HOW TO COMPLETE THIS TASK: Reproduce without any pictures the lines from the one that contains "2020 Chevrolet Blazer 2LT SUV" through the end of the records, exactly as written.

----------------------------------------

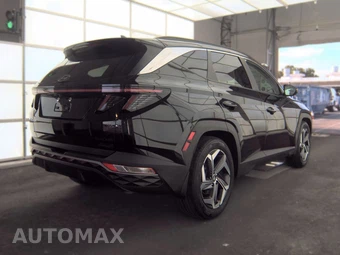 2024 Hyundai Tucson SEL - miniatura 4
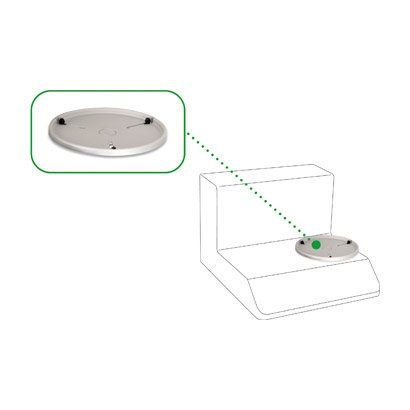 Interscience Anpassbare Platte für Petrischalen 90–150 mm, für easySpiral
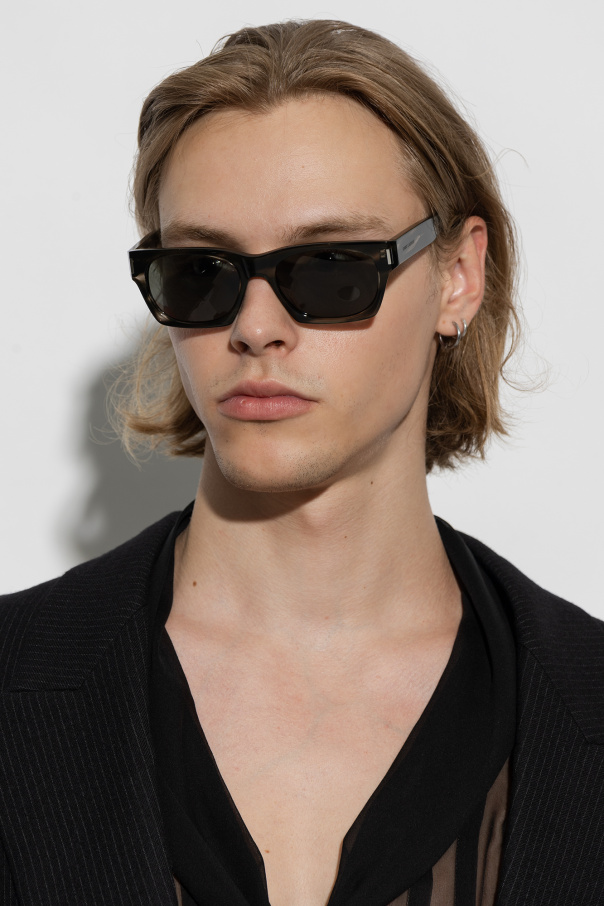 Saint Laurent ‘SL 402’ sunglasses | Men's Accessories | Vitkac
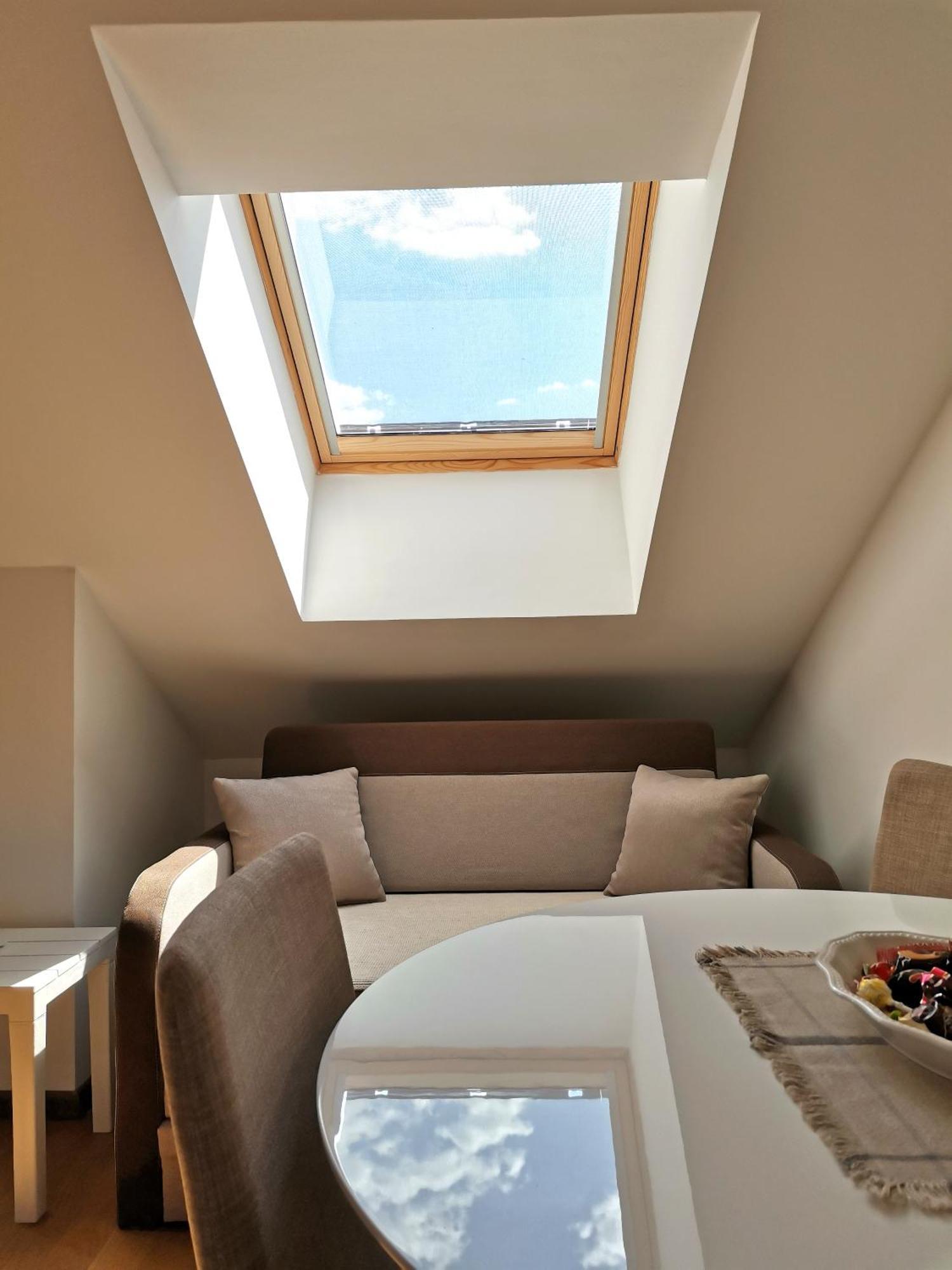 Ferienwohnung Stan Na Dan M Novi Sad Exterior foto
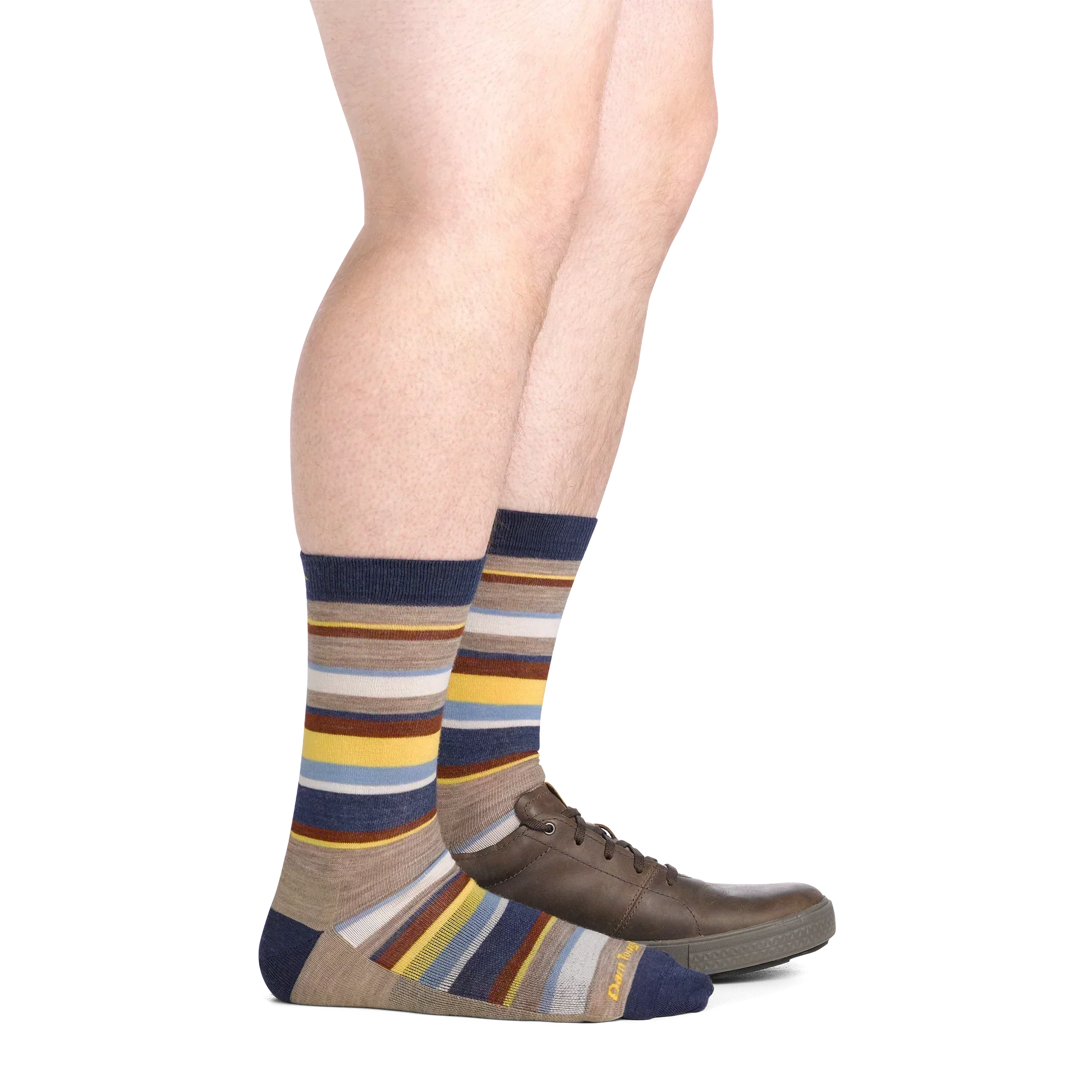 Men's Druid Crew Lightweight Lifestyle Socks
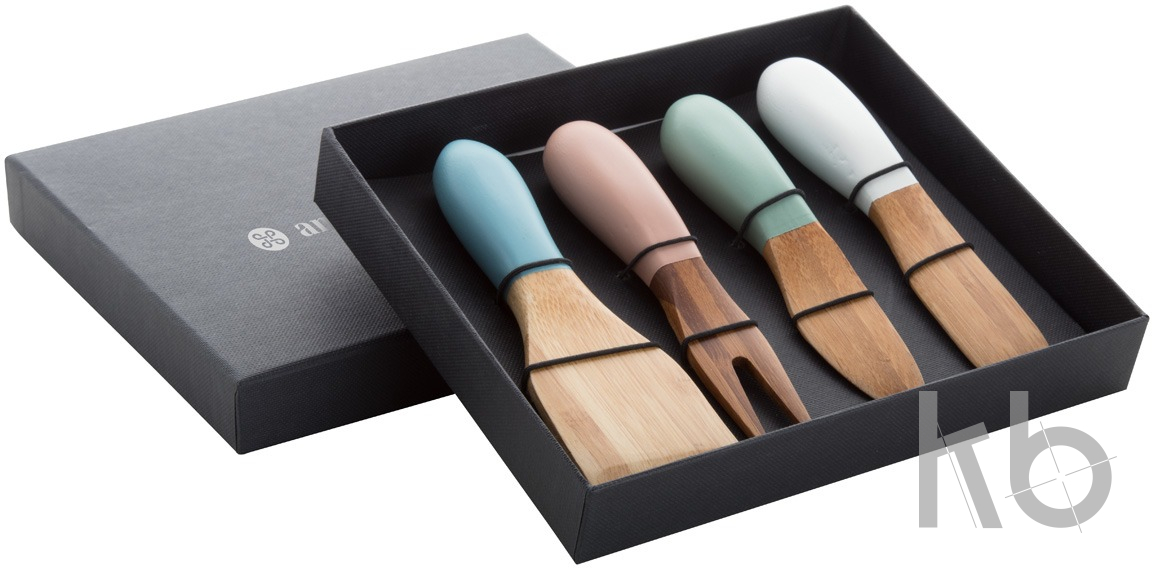 Набор ножей для сыра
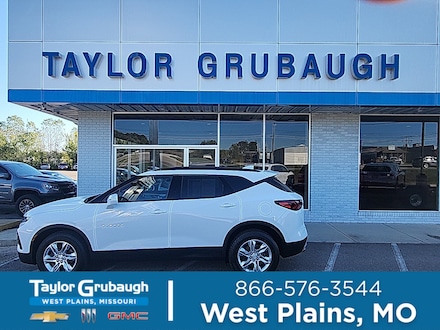 2020 Chevrolet Blazer 2LT SUV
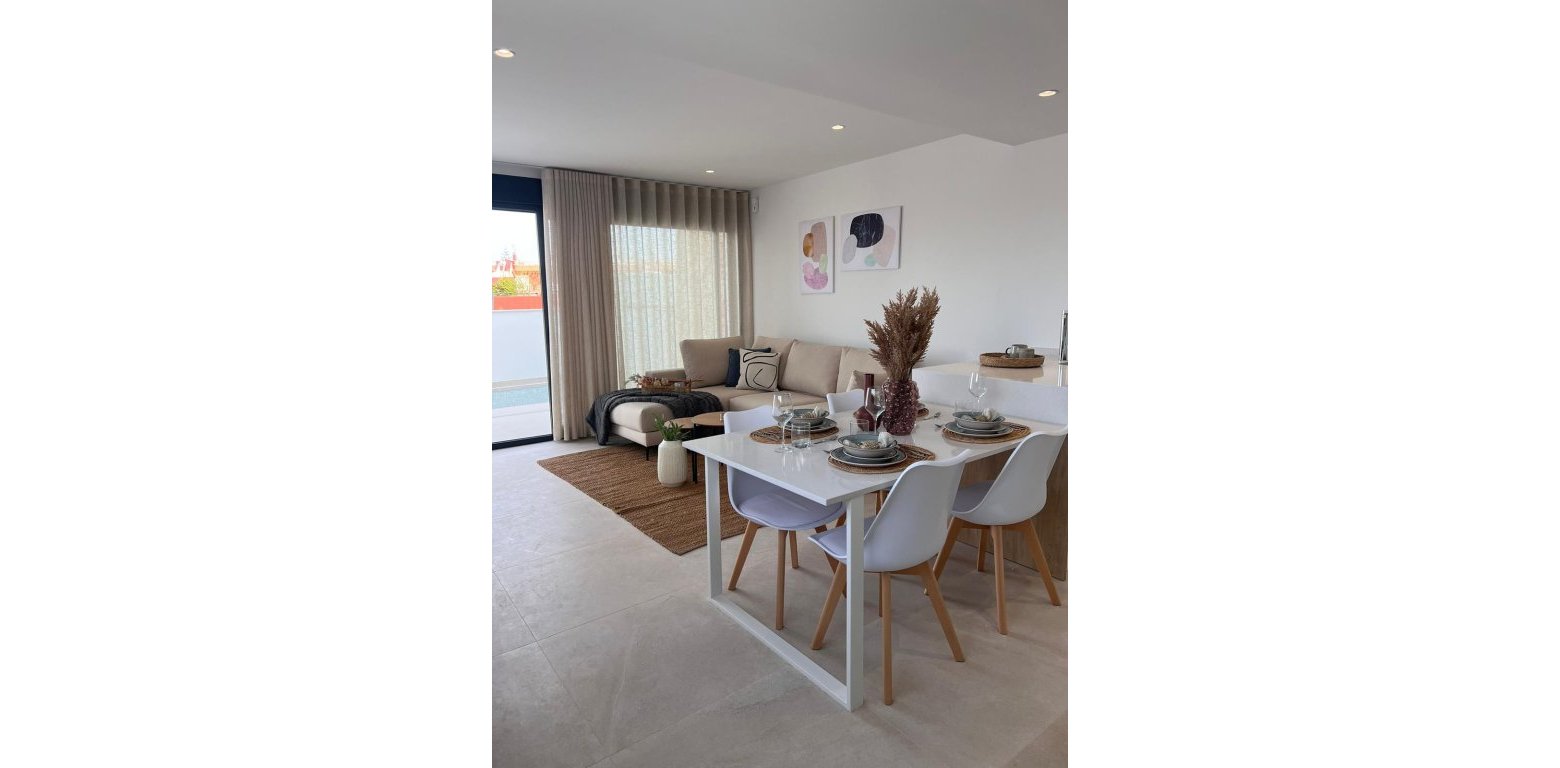 New Build - Villa - San Javier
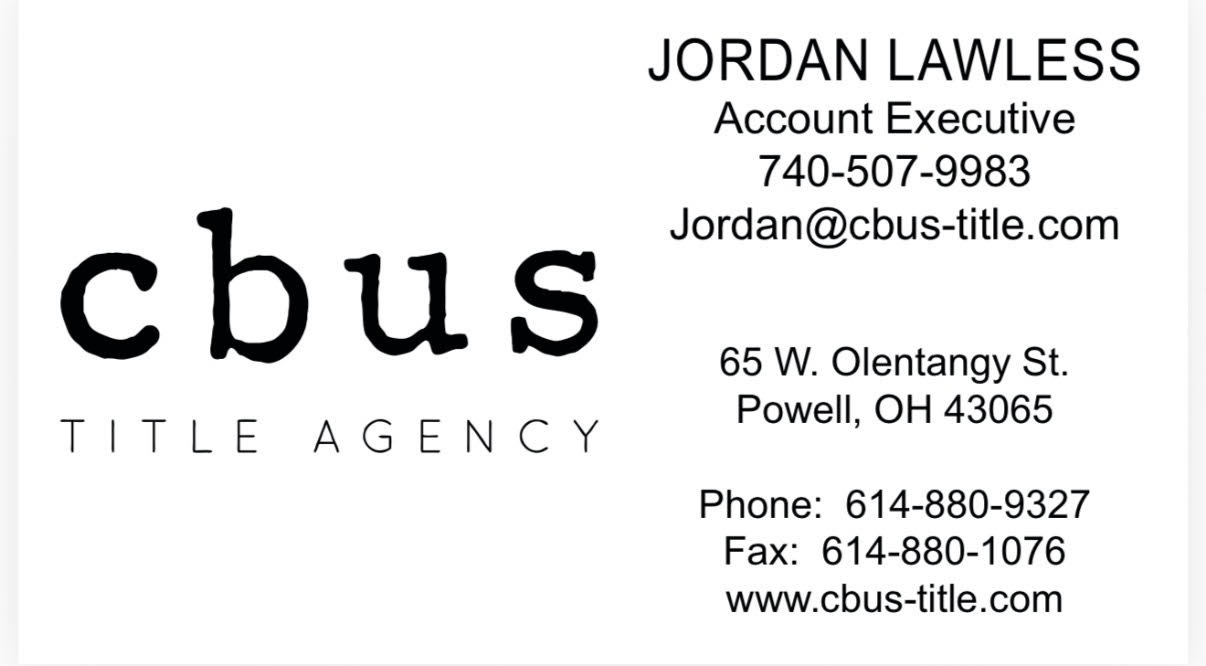 image of cbus Title Agency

----------------------------------------

TASK SOLUTION:
 2020 Chevrolet Blazer 2LT SUV
 New Build - Villa - San Javier
 image of cbus Title Agency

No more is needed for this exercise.